Redundancy Metrics: MTBF, MTDA, MTDL, and MTTR

Data redundancy in storage networks is measured by the reliability of storage and network products. As storage network vendors occasionally use reliability measurements in their marketing materials and presentations, it helps to understand what these measurements mean. This section discusses the terms used in accordance with definitions established by the Storage Network Industry Association (SNIA). The four metrics discussed in this section are

• Mean time between failure (MTBF)

• Mean time to loss of data availability (MTDA)

• Mean time to data loss (MTDL)

• Mean time to repair (MTTR)

MTBF

MTBF was introduced in Chapter 4, "Storage Devices," as a statistical method for predicting failure rates in a large number of disk drives. Similar methods are used to predict the reliability of all other components in a storage network, including storage controllers and switch-line cards.

MTDA

MTDA is a measurement that predicts loss of access to data in a storage network. This measurement includes MTBF calculations for all I/O path components between a host system initiator and a Small Computer Systems Interface (SCSI) logical unit, such as system interfaces, cables, network devices, subsystem controllers, and interconnect components. Individual storage devices contribute to MTDA if they are not participating in some sort of data redundancy scheme. Otherwise, storage (and data) availability is more effectively indicated by MTDL, discussed in the following paragraphs.

MTDL

MTDL measures the risk of losing data. Where data redundancy techniques are being used, data loss results from multiple component failures occurring within a relatively narrow span of time. The whole point of using redundancy techniques with storage is to increase MTDL to a number that is much, much greater than the MTBF of an individual disk drive. In most cases, MTDL is expressed as the probability of having two components that are part of the same SCSI logical unit failing before a replacement component can take the place of the first failed component.

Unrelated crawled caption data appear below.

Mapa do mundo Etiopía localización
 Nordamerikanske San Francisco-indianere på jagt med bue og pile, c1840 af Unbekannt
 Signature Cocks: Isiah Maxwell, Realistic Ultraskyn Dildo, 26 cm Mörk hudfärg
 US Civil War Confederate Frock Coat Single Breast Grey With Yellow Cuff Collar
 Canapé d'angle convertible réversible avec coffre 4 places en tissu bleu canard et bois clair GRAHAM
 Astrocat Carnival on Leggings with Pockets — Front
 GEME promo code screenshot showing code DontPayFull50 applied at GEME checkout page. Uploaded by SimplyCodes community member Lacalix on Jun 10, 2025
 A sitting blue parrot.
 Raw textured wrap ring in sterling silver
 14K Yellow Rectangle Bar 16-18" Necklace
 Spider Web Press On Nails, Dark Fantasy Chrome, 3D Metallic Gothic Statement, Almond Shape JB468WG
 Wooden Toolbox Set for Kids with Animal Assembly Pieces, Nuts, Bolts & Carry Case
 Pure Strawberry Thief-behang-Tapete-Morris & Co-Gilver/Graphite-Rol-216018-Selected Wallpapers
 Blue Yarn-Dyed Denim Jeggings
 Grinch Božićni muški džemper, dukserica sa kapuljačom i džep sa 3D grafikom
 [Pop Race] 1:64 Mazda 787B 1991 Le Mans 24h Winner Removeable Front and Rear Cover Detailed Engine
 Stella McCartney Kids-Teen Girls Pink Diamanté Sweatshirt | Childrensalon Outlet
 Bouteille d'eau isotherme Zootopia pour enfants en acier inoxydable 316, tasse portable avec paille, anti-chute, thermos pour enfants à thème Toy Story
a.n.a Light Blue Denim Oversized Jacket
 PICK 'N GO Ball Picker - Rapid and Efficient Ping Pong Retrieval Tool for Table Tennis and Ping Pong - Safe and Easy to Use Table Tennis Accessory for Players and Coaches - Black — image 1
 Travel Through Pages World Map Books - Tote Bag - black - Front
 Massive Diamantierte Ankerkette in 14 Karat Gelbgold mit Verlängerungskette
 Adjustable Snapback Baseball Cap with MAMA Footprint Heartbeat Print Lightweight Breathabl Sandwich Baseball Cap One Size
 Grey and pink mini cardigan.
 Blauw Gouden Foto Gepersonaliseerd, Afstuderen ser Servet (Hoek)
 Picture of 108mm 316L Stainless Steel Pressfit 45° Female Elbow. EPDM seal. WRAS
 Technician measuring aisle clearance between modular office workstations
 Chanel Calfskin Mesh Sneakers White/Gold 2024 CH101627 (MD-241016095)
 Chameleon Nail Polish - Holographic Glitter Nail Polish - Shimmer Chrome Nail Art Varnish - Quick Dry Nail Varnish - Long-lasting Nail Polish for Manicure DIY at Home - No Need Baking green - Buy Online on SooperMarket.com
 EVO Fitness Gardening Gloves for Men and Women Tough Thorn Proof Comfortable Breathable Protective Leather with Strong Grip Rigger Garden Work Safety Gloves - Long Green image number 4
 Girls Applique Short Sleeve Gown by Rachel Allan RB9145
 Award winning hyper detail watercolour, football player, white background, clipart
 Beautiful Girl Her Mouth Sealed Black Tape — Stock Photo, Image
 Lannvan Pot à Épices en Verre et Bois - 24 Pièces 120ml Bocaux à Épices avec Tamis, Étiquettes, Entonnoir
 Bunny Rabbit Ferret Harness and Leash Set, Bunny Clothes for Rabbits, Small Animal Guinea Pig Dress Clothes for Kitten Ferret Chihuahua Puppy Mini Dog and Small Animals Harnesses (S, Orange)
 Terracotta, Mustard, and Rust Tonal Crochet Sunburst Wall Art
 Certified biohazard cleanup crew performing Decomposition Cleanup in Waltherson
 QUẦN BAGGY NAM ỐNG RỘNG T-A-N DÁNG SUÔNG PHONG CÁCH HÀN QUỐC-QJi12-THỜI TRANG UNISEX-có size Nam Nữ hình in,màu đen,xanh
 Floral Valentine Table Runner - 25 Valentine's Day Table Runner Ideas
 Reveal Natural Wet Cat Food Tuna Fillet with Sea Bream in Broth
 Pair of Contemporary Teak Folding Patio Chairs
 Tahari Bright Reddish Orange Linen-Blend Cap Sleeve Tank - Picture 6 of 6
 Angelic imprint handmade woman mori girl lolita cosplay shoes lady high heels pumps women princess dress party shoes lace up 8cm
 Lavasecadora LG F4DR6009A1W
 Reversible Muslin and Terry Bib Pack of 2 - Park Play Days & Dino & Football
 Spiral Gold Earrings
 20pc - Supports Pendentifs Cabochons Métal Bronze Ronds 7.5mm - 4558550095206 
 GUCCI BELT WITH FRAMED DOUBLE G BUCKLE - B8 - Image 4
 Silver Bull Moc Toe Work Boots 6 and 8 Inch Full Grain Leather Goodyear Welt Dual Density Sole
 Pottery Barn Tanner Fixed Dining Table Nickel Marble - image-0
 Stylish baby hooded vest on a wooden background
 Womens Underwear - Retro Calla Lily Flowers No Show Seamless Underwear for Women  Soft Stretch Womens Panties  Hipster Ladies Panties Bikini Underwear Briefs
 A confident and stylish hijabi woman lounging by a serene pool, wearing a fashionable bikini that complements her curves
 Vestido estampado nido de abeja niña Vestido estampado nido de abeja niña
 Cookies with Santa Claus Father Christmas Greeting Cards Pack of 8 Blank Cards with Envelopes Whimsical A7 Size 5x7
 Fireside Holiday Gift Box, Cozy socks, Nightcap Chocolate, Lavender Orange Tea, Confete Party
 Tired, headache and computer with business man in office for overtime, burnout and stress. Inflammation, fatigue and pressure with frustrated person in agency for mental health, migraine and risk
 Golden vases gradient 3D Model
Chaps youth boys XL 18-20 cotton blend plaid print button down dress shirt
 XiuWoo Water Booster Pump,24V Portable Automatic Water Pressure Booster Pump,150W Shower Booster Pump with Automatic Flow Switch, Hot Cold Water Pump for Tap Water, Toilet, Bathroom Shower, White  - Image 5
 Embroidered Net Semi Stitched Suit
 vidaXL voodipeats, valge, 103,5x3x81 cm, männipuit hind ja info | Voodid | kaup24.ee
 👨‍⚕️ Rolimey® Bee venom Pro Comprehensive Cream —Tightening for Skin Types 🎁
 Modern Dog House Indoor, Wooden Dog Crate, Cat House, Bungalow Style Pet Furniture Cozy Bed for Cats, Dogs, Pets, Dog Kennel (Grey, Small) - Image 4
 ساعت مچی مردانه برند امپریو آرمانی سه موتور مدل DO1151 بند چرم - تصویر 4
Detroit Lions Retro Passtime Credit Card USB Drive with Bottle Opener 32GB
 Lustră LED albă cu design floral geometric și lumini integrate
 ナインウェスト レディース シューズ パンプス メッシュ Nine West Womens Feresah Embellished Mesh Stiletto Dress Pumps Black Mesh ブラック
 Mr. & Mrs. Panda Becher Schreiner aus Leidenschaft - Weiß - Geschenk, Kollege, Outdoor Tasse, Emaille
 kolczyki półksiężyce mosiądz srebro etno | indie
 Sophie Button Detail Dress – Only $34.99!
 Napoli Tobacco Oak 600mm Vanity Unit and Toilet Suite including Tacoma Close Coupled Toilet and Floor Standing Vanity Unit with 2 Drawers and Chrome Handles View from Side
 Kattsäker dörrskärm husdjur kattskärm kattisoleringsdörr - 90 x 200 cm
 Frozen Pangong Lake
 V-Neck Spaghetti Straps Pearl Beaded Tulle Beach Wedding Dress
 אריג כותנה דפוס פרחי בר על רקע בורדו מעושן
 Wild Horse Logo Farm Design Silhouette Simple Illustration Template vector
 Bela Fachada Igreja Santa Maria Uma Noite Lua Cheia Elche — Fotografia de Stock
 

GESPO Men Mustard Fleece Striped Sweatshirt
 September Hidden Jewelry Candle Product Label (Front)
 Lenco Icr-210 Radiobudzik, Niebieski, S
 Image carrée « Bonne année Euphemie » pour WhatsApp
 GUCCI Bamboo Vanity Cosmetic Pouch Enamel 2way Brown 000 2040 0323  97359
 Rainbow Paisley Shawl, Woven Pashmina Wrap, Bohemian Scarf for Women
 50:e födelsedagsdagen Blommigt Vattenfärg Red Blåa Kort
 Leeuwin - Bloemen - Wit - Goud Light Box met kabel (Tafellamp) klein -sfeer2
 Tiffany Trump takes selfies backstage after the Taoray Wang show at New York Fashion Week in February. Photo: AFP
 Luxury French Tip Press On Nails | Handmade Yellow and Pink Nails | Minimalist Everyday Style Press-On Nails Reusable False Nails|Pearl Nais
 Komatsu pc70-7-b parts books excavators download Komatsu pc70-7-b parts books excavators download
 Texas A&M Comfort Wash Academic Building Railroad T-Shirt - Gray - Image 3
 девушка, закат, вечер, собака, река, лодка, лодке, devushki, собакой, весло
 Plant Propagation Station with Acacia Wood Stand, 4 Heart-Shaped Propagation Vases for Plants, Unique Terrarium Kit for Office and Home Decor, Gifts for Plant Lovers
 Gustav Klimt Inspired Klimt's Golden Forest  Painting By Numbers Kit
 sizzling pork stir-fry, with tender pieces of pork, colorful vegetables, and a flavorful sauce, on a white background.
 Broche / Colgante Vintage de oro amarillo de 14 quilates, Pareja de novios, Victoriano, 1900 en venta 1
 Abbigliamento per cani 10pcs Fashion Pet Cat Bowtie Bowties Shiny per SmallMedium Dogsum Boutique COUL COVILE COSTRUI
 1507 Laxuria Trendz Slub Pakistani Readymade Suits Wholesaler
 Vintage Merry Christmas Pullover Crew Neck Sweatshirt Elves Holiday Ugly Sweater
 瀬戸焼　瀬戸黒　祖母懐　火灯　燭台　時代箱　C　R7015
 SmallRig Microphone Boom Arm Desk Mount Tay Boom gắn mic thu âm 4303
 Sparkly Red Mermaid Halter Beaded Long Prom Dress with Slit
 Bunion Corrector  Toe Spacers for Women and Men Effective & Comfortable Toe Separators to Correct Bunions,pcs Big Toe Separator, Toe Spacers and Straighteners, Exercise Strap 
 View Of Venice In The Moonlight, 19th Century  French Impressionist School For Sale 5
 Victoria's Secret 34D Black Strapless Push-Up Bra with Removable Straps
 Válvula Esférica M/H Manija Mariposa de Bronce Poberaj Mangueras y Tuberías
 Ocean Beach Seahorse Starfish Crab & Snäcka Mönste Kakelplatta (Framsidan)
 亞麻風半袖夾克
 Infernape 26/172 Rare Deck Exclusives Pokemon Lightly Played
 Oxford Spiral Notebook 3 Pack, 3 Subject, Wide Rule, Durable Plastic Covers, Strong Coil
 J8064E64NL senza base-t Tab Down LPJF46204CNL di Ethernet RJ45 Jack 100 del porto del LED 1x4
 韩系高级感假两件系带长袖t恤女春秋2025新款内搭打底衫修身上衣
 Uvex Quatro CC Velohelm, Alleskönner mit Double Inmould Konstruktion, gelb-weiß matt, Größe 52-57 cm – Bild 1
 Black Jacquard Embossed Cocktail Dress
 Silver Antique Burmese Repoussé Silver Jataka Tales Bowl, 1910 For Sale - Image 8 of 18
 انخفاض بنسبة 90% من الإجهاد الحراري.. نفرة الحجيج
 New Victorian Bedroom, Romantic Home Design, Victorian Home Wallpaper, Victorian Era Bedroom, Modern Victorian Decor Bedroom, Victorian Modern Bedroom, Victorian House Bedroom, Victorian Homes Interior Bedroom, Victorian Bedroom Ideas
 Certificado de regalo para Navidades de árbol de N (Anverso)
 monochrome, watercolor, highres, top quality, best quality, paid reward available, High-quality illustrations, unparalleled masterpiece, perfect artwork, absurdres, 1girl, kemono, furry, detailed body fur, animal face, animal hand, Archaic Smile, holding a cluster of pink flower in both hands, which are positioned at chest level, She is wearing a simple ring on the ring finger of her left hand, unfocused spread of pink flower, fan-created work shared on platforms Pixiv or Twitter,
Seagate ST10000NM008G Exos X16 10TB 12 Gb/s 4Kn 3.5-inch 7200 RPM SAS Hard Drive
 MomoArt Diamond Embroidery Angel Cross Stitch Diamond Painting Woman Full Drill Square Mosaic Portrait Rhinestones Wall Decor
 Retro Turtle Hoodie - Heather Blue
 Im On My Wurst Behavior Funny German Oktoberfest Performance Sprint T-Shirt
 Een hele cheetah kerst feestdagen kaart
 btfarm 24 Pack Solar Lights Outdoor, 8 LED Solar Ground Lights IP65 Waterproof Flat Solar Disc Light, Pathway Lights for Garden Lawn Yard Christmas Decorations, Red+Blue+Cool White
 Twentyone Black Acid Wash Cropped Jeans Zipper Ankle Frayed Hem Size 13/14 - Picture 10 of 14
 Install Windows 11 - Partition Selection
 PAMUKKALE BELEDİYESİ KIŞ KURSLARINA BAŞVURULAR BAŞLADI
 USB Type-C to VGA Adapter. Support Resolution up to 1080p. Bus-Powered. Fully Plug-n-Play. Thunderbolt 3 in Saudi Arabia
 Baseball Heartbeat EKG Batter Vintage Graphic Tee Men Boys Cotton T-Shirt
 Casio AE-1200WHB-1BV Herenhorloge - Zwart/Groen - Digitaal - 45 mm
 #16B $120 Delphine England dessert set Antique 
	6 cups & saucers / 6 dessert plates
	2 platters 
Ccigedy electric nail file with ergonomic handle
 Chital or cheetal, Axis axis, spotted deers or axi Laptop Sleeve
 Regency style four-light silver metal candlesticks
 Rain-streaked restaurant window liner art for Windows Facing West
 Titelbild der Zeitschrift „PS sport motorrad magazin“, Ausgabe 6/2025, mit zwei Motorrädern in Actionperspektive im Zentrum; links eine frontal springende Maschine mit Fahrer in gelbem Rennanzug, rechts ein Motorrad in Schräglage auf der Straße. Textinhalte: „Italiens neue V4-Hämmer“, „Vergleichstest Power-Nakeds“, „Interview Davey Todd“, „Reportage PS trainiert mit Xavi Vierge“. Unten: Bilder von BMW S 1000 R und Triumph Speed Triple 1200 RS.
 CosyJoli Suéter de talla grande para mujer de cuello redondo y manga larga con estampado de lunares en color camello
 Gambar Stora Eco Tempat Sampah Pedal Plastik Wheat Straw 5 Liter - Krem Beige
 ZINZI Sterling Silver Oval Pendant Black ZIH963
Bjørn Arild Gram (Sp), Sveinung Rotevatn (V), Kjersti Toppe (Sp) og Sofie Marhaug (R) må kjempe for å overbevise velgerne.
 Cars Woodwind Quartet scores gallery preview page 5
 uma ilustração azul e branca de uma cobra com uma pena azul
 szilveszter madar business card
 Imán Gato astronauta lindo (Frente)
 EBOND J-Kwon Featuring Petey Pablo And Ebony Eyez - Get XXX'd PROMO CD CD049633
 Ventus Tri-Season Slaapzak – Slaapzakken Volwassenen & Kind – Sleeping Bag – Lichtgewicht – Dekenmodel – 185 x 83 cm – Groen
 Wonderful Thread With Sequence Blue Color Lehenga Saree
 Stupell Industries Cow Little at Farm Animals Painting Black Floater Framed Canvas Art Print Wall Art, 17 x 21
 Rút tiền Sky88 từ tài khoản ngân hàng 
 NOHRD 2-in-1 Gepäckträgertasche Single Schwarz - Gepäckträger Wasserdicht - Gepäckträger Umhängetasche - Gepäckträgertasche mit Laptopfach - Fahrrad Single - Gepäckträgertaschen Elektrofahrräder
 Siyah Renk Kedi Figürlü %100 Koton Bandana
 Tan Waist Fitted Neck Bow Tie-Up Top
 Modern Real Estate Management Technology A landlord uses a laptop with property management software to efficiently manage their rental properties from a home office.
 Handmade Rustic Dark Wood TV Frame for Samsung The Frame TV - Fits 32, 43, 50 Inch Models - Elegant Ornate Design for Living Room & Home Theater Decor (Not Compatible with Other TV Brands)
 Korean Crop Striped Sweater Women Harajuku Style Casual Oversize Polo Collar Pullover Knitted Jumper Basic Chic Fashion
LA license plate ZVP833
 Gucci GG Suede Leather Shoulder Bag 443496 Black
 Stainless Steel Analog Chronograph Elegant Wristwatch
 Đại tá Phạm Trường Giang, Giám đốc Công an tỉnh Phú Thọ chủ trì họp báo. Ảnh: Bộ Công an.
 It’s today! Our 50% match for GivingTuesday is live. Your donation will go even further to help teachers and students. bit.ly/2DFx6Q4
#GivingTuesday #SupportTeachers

Hot-spare technology (discussed in Chapter 5, "Storage Subsystems") can increase MTDL considerably by reducing the exposure to a second component failure that would cause permanent data loss.

MTTR

MTTR is a measurement of the time it takes to replace a failed component with another completely functioning component. Where disk subsystems are concerned, this means that the subsystem is operating normally and is not operating in reduced or degraded modes. In other words, MTTR includes the time needed to format and copy data to the replacement drives.

Forms of Data Redundancy

The countermeasure to losing data or data access is the application of redundancy techniques. If data is destroyed or made inaccessible, redundant copies of data can be used. There are three basic techniques or forms of redundancy applied in storage networks today that are discussed in this section:

• Duplication

• Parity

• Delta/difference

Duplication

The concept of duplication is simple: an additional copy of data is made on a different device, subsystem, or volume to protect the data from a failure to the underlying hardware or software. Duplication is used in several different storage and data management technologies, including backup, mirroring, and remote-copy (store and forward) products.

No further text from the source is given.